The world of work has changed enormously over the past 20 years. Being self-employed, freelance or working on a contract basis has become the norm for all sorts of professions.
Although it has many benefits, working for yourself means that the responsibility for providing a financial safety net shifts from the employer to the individual. New research has highlighted the precarious nature of self-employed people’s finances. This has been highlighted by the health crisis as many self-employed people have had to claim through the Self Employed Income Support Scheme as work completely dried up due to lockdown.
A survey of the financial health of self-employed, part-time and contract workers reveals that if an accident or illness prevented them from working, more than one in ten wouldn’t be able to last any time without using long-term savings, while 30% would run out of money in less than a month.

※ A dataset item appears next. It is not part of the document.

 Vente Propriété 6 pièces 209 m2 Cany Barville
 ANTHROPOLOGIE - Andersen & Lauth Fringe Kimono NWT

Around 50% said they couldn’t turn to friends or family for financial support, while one in ten said they would be forced to turn to credit cards or payday loans.
Figures from the Office for National Statistics (ONS) show that the number of self-employed workers in the UK increased from 3.3 million in 2001 to nearly 5 million in 2019. While a quarter (25%) of those surveyed said they would seek help from the state, benefits provide little or no support for this group.
Some self-employed people wrongly believe they would not be eligible for income protection if they fell ill and couldn't work. However, Statutory Sick Pay isn’t available to self-employed workers, and for those workers that are eligible, the maximum that can be claimed is just £95 a week versus the average outgoing of £262.83 a week for self-employed or contract workers.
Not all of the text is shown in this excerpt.